Data supplied:
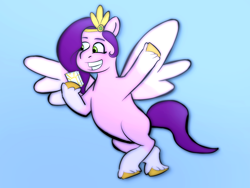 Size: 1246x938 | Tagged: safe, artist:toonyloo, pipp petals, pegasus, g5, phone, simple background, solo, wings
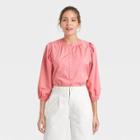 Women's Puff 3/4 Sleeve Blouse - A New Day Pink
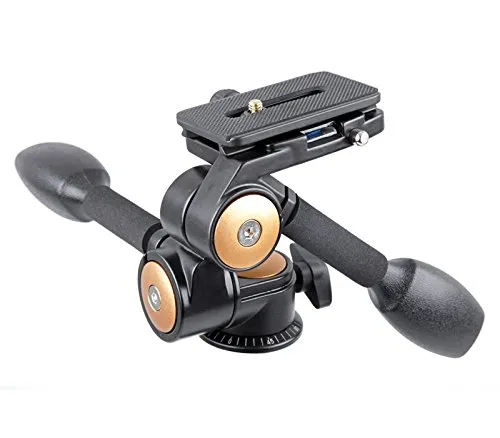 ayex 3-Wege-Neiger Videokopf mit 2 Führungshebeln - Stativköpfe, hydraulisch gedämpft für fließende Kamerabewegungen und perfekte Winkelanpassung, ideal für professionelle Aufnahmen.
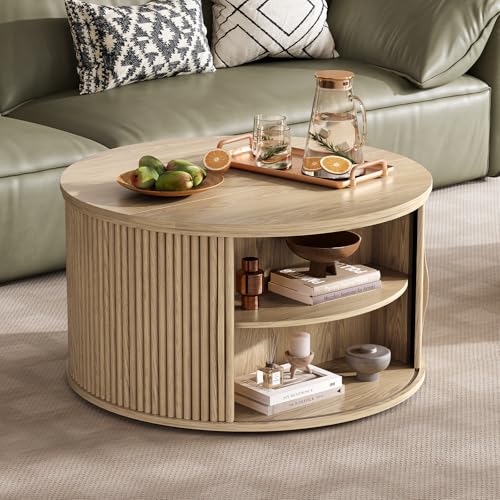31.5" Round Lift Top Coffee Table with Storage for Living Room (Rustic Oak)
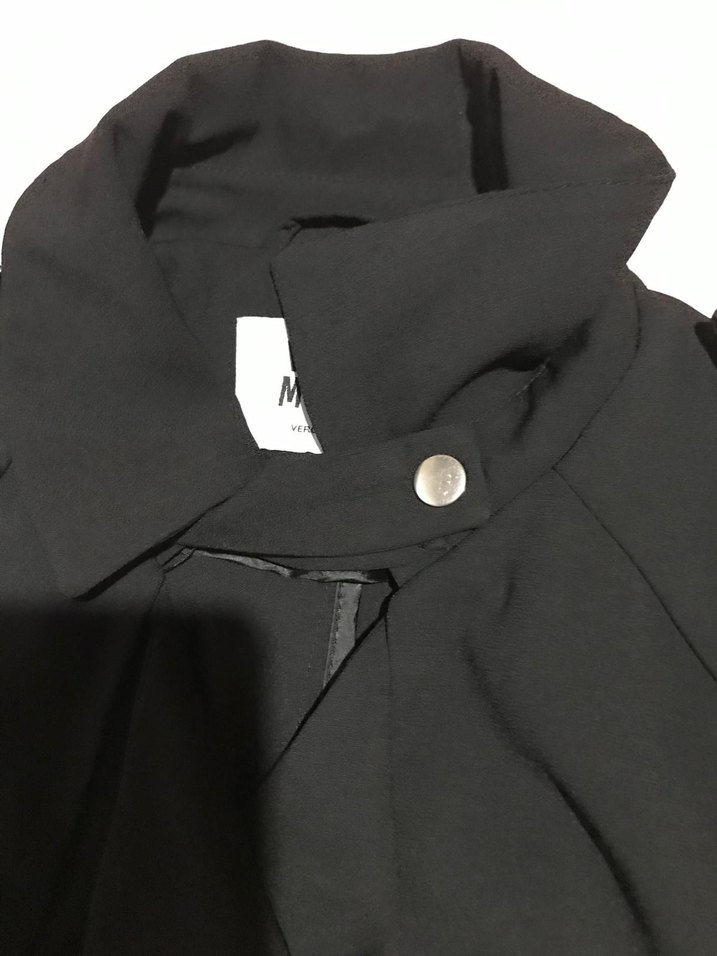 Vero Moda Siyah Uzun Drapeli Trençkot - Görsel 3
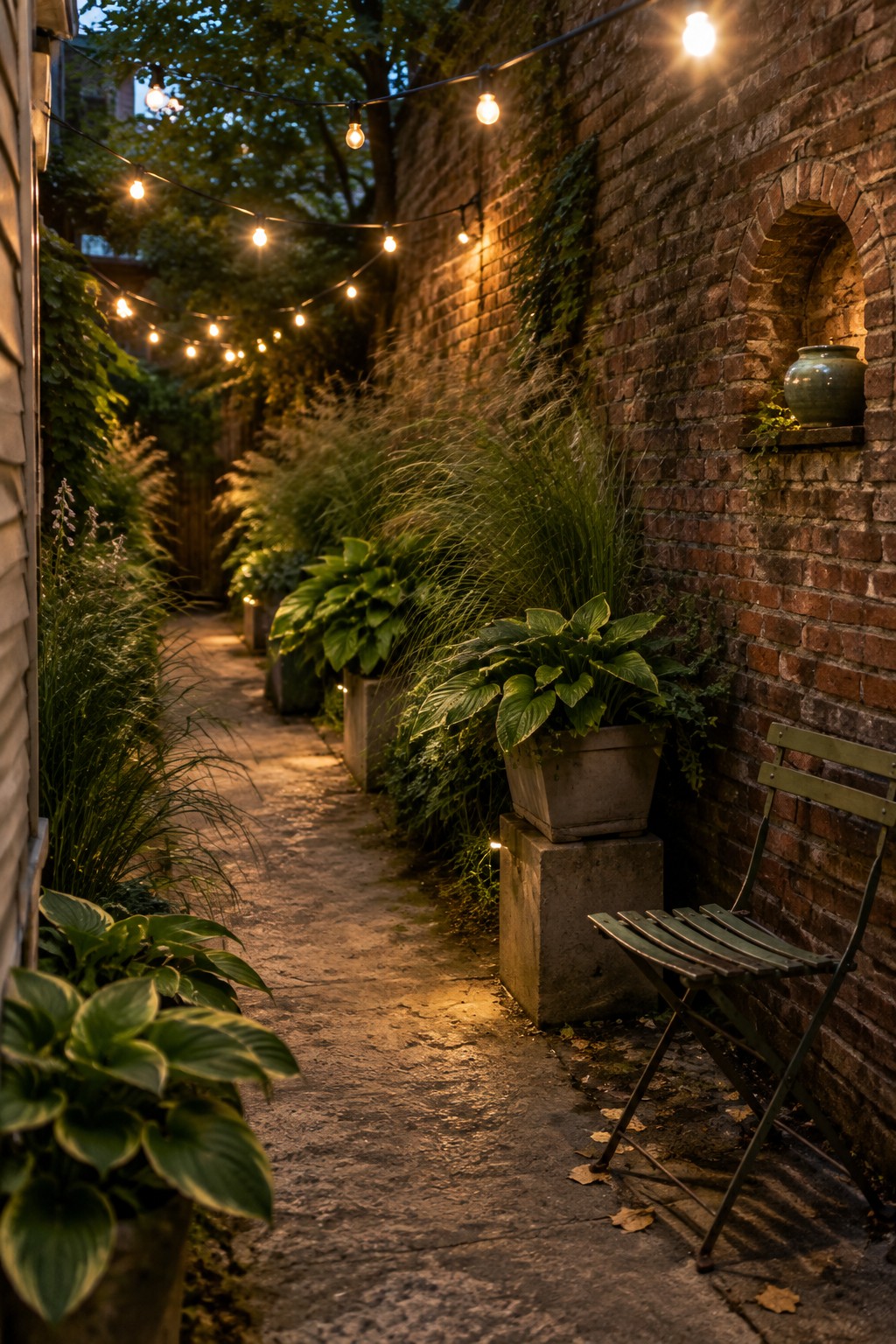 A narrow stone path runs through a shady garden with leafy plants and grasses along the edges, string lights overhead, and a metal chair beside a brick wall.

Exercise: The whole listing above is to be printed exactly; the pictures stay out.

Response box:
 Size: 1246x938 | Tagged: safe, artist:toonyloo, pipp petals, pegasus, g5, phone, simple background, solo, wings
 Women's Puff 3/4 Sleeve Blouse - A New Day Pink
 ayex 3-Wege-Neiger Videokopf mit 2 Führungshebeln - Stativköpfe, hydraulisch gedämpft für fließende Kamerabewegungen und perfekte Winkelanpassung, ideal für professionelle Aufnahmen.
31.5" Round Lift Top Coffee Table with Storage for Living Room (Rustic Oak)
 Vero Moda Siyah Uzun Drapeli Trençkot - Görsel 3
 A narrow stone path runs through a shady garden with leafy plants and grasses along the edges, string lights overhead, and a metal chair beside a brick wall.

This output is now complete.